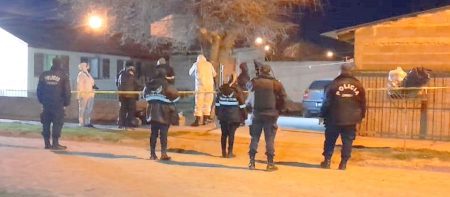 En la localidad de Trevelin, se produjo un hecho de homicidio en los primeros minutos del lunes. Según la información aportada por las autoridades policiales, el hecho se produjo a las 00:55 hs en un domicilio del Barrio Alborada.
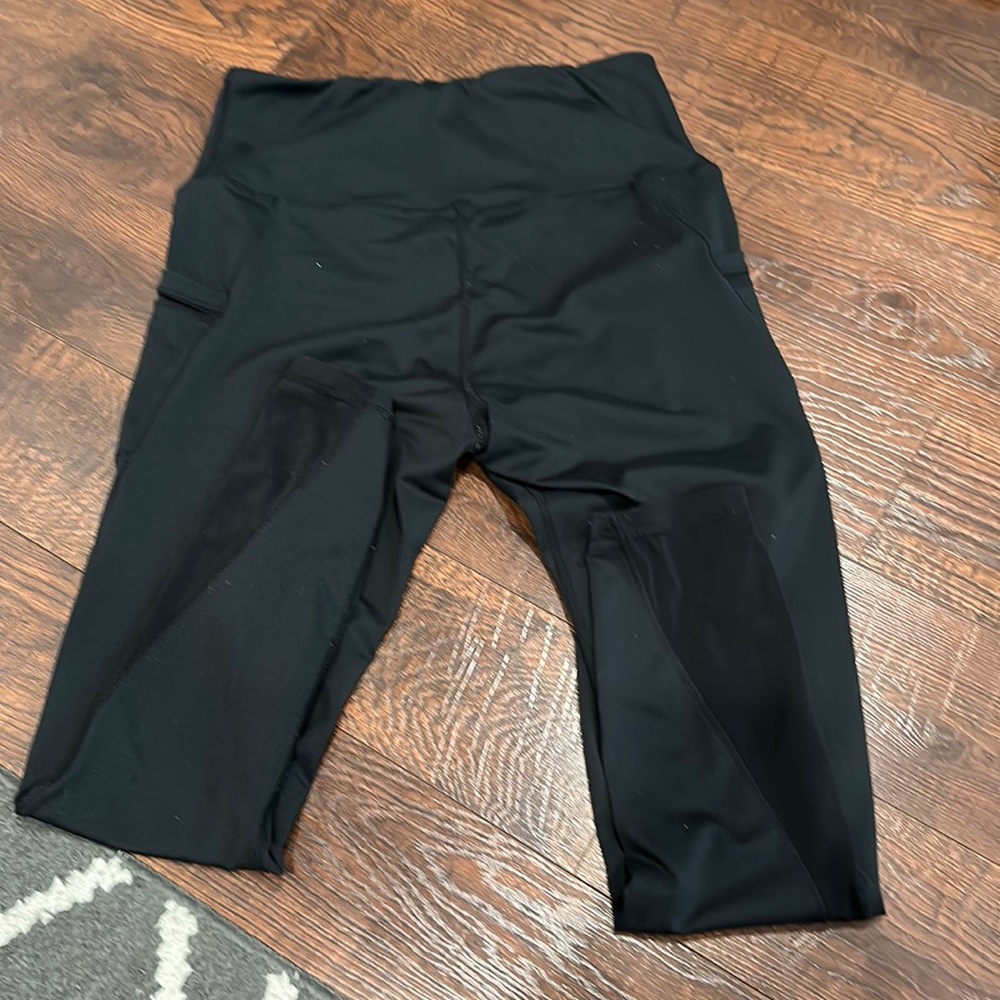 Women black leggings with pockets and mesh cutouts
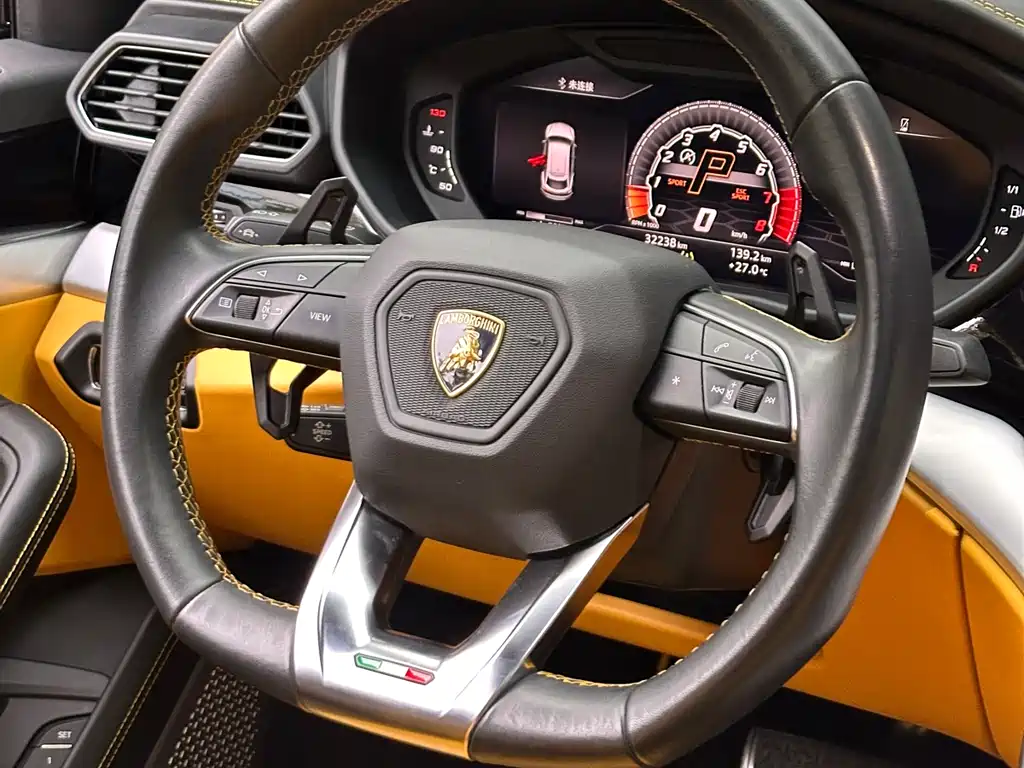 Lamborghini Urus 2019 — фото 19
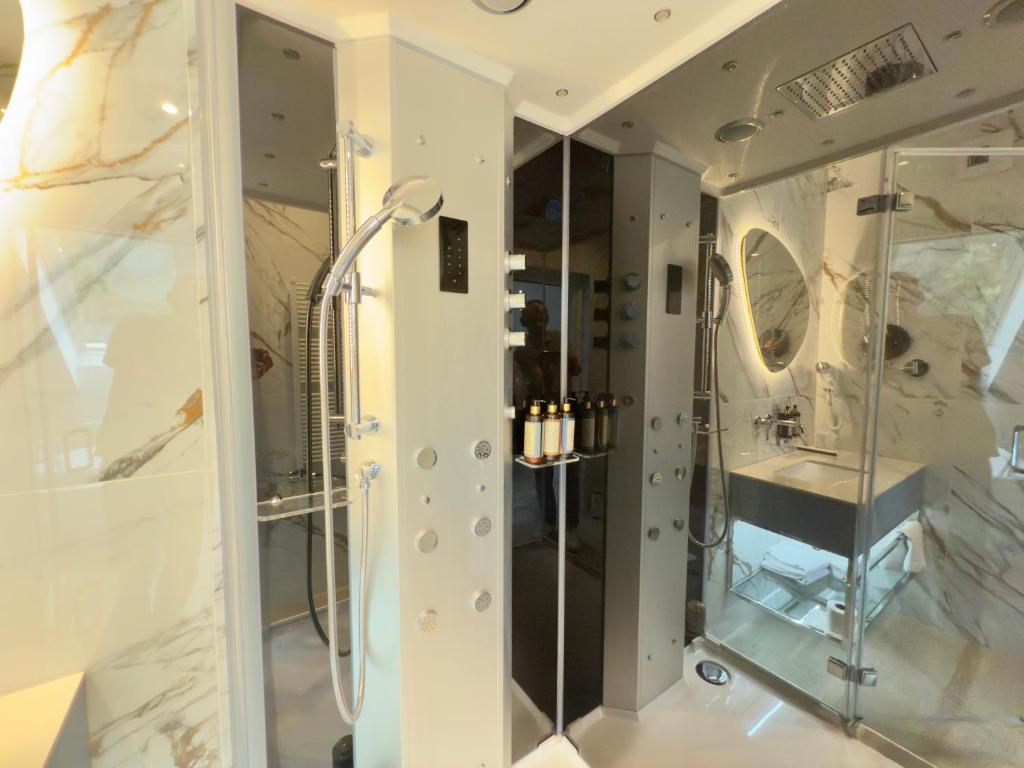 Hotel Zhong Hua - Resim 38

• _To do_: Set down nothing but the lines from the one containing "Women black leggings" to the final line above, both included, with every picture left out.

• _Task answer_:
 Women black leggings with pockets and mesh cutouts
 Lamborghini Urus 2019 — фото 19
 Hotel Zhong Hua - Resim 38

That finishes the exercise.